## Materials provided
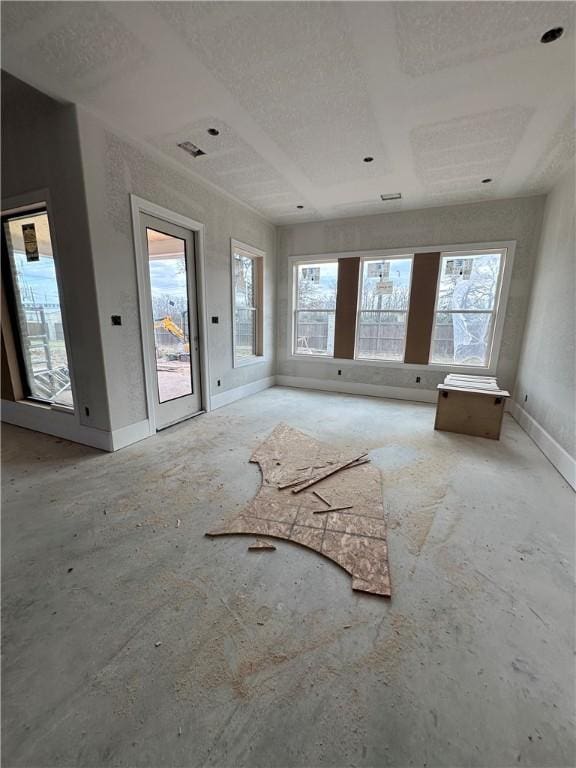 interior space featuring plenty of natural light and baseboards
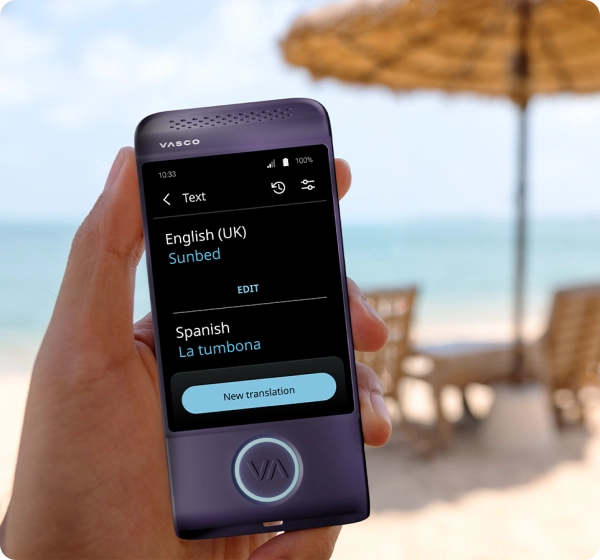 Een close-up van een hand die een paars elektronisch vertaalapparaat van het merk Vasco vasthoudt. Op het scherm is een tekstvertaling te zien van het Engels (VK) naar het Spaans, waarbij het woord 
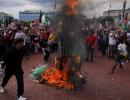 Netanyahu in Congress, protestors burn US flag outside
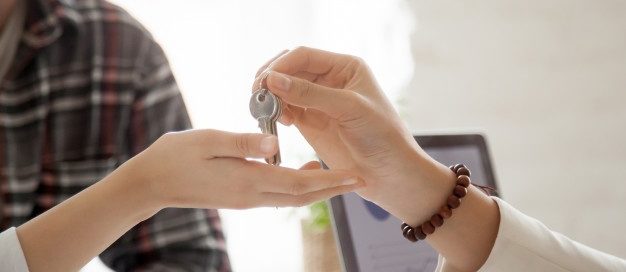 Landlord handing over house keys to tenant, symbolizing lease agreements and legal consequences of breaking a lease in Dallas-Fort Worth, Texas.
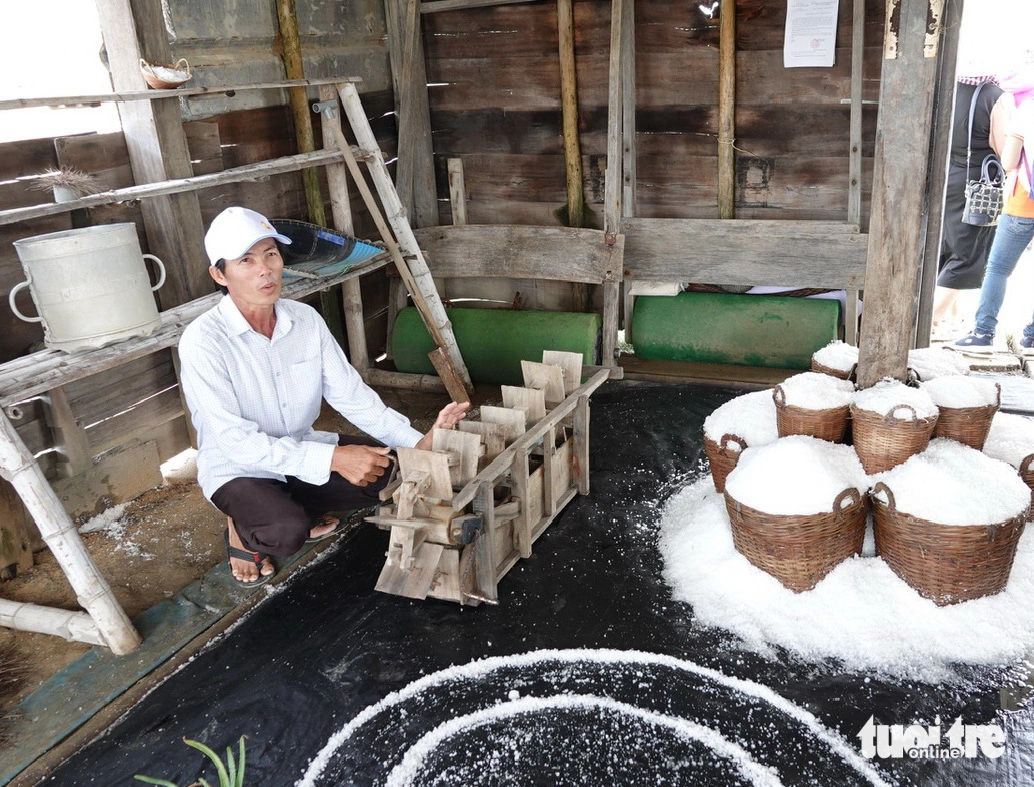 Anh Nguyễn Ngọc Thơ giới thiệu sa quạt bằng tay chuyển nước từ ô ruộng muối này qua ô kia. Anh Thơ cho biết: Xưa kia tát 420m³ nước làm trong 45 phút, nay chỉ việc cắm điện ngồi hút điếu thuốc là xong - Ảnh: T.T.D.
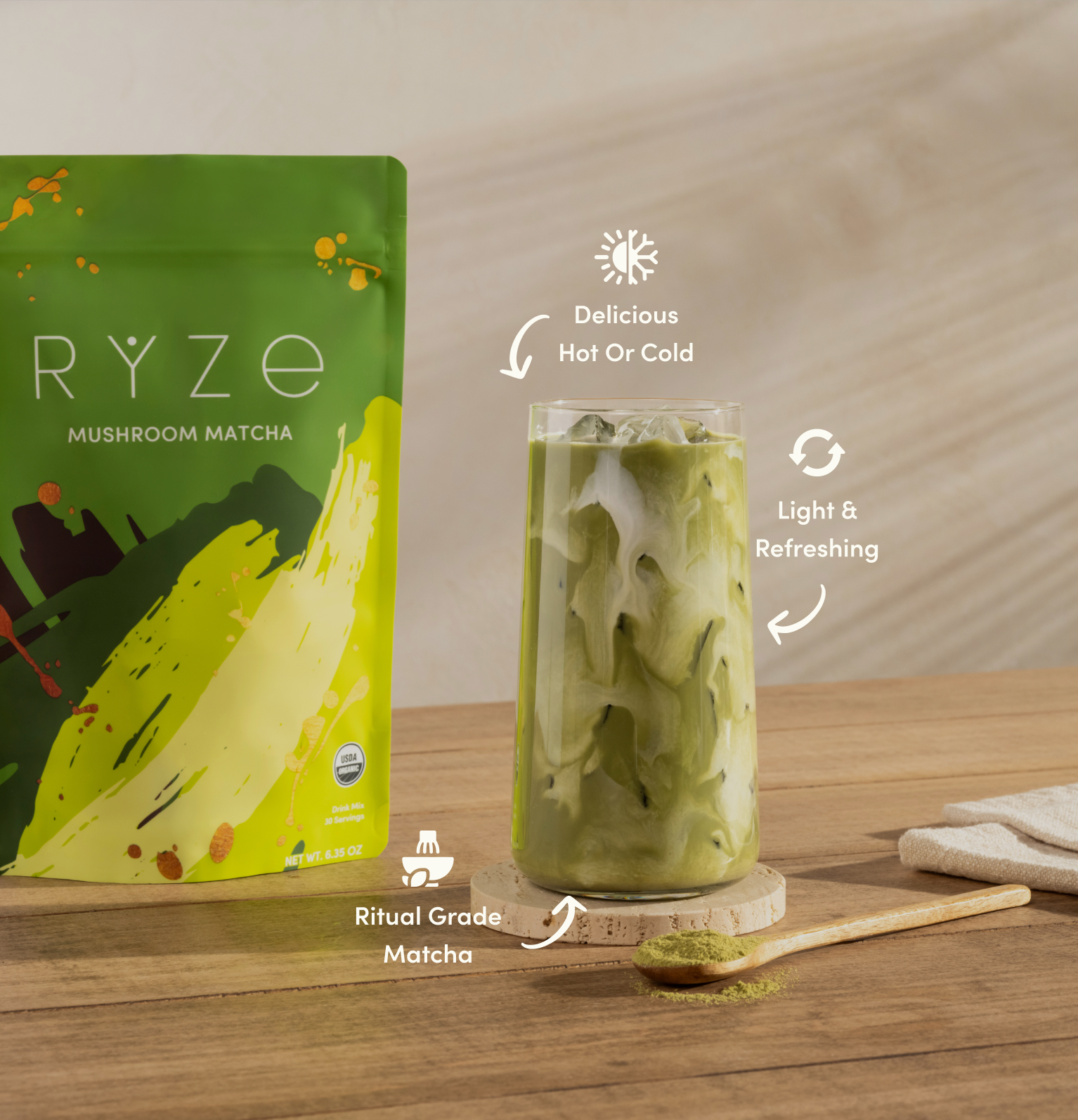 Green matcha drink with a package labeled 'RYZE Mushroom Matcha' on a wooden table.
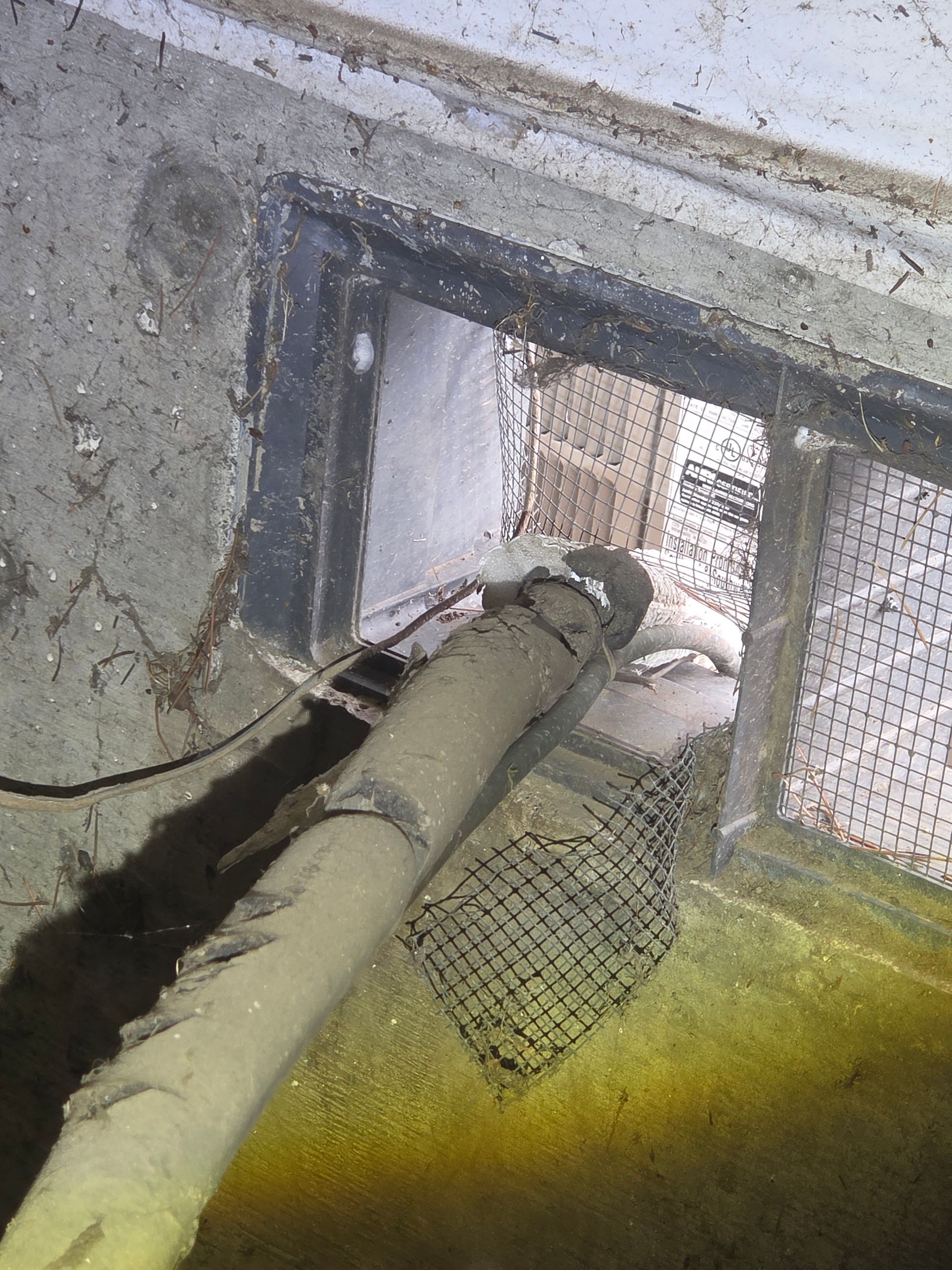 Broken foundation vent at a commercial property in Tigard, Oregon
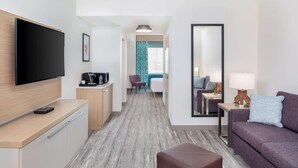 A modern hotel room with a flat-screen TV, a sofa, a coffee table, a desk with a computer, and a mirror. - Hilton Garden Inn Miami Airport West (Miami)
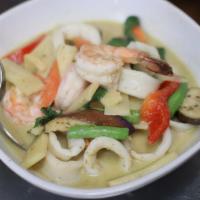 Green Curry · Spicy. Eggplant, string bean, bell pepper, bamboo shoots, basil, and coconut milk. Served wi...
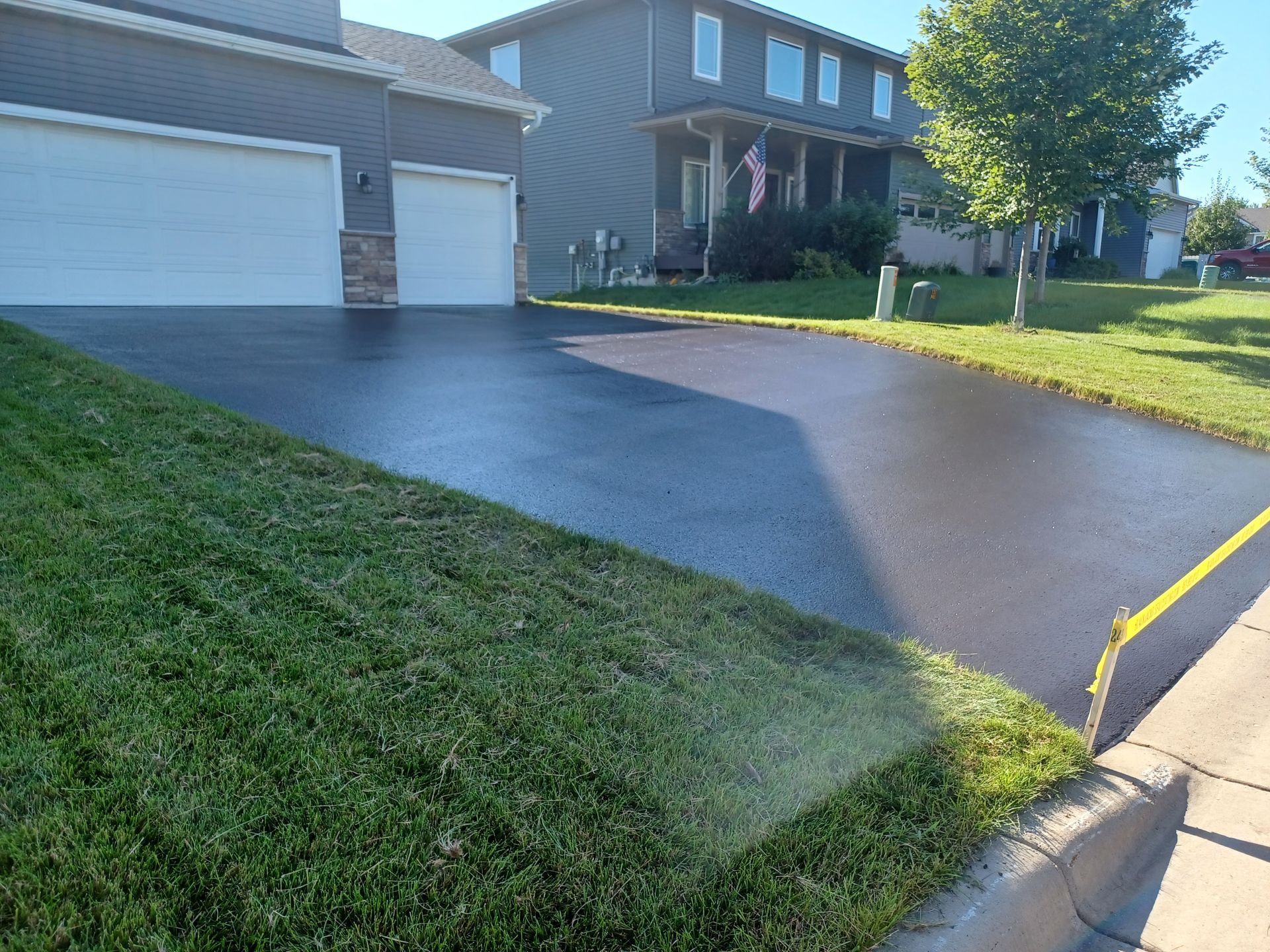 A driveway that has been paved in front of a house.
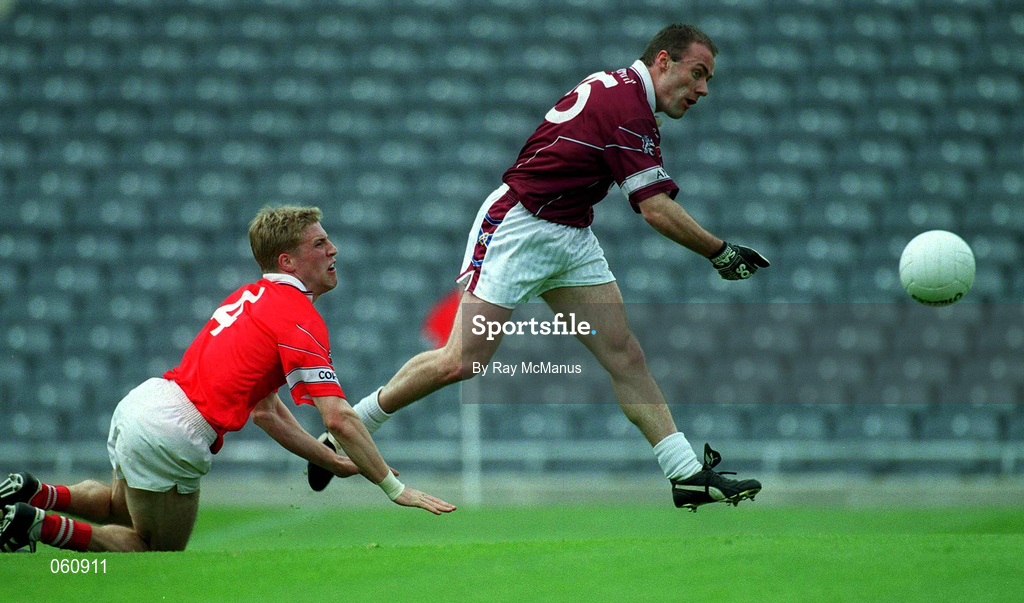 29 April 2001; Ger Heavin of Westmeath rounds Anthony Lynch of Cork to score his side's first goal during the Allianz GAA National Football League Division 2 Final match between Westmeath and Cork at Croke Park in Dublin. Photo by Ray McManus/Sportsfile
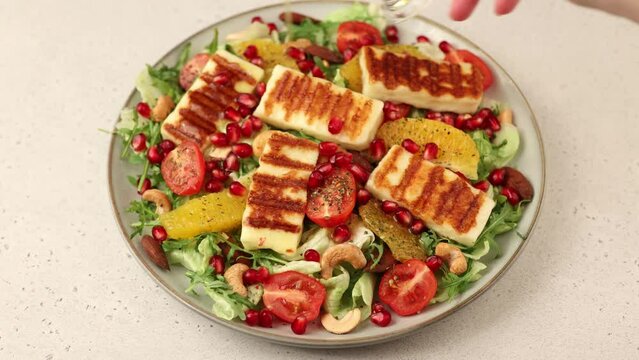 Warm salad with fried halloumi cheese, nuts (cashews and almonds), cherry tomatoes, pomegranate, orange and arugula. Traditional Mediterranean cheese. Woman pouring olive oil on salad.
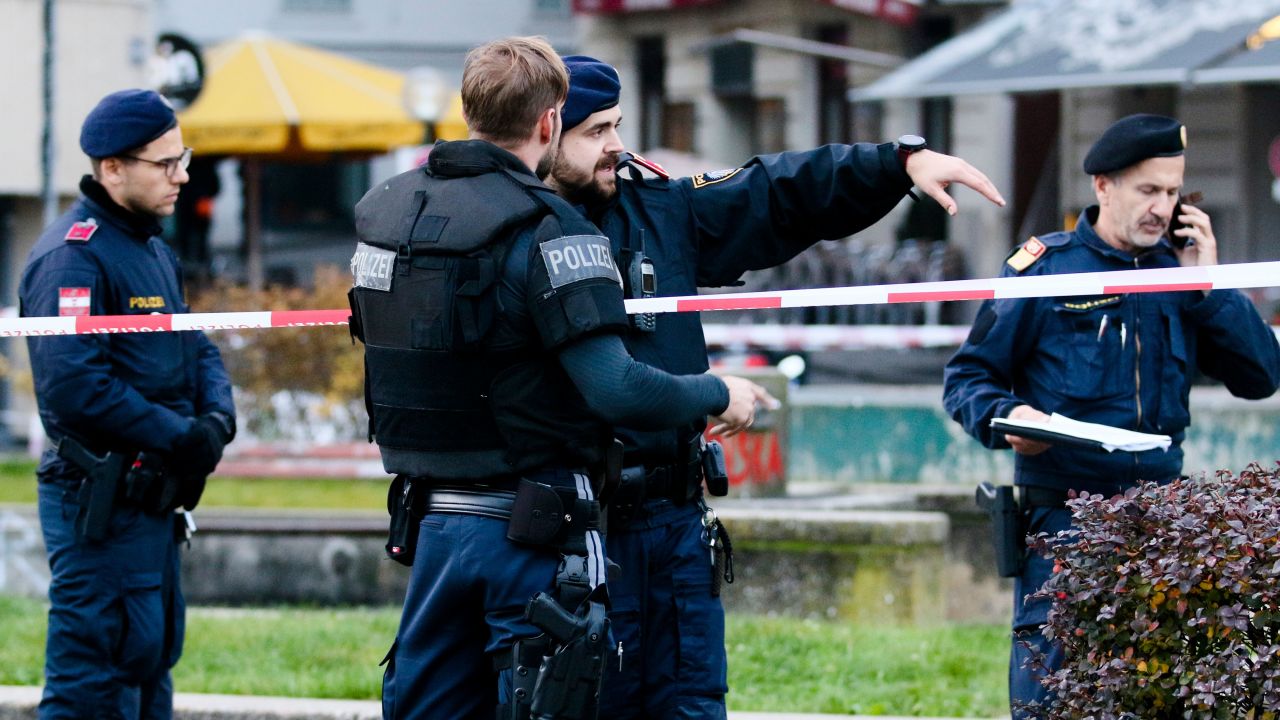 Armed police stay in position at the scene of the attack in the Austrian capital.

## Your assignment
Your copy should hold all the data word for word. It should hold no pictures.

## Output
 interior space featuring plenty of natural light and baseboards
 Een close-up van een hand die een paars elektronisch vertaalapparaat van het merk Vasco vasthoudt. Op het scherm is een tekstvertaling te zien van het Engels (VK) naar het Spaans, waarbij het woord 
 Netanyahu in Congress, protestors burn US flag outside
 Landlord handing over house keys to tenant, symbolizing lease agreements and legal consequences of breaking a lease in Dallas-Fort Worth, Texas.
 Anh Nguyễn Ngọc Thơ giới thiệu sa quạt bằng tay chuyển nước từ ô ruộng muối này qua ô kia. Anh Thơ cho biết: Xưa kia tát 420m³ nước làm trong 45 phút, nay chỉ việc cắm điện ngồi hút điếu thuốc là xong - Ảnh: T.T.D.
 Green matcha drink with a package labeled 'RYZE Mushroom Matcha' on a wooden table.
 Broken foundation vent at a commercial property in Tigard, Oregon
 A modern hotel room with a flat-screen TV, a sofa, a coffee table, a desk with a computer, and a mirror. - Hilton Garden Inn Miami Airport West (Miami)
 Green Curry · Spicy. Eggplant, string bean, bell pepper, bamboo shoots, basil, and coconut milk. Served wi...
 A driveway that has been paved in front of a house.
 29 April 2001; Ger Heavin of Westmeath rounds Anthony Lynch of Cork to score his side's first goal during the Allianz GAA National Football League Division 2 Final match between Westmeath and Cork at Croke Park in Dublin. Photo by Ray McManus/Sportsfile
 Warm salad with fried halloumi cheese, nuts (cashews and almonds), cherry tomatoes, pomegranate, orange and arugula. Traditional Mediterranean cheese. Woman pouring olive oil on salad.
 Armed police stay in position at the scene of the attack in the Austrian capital.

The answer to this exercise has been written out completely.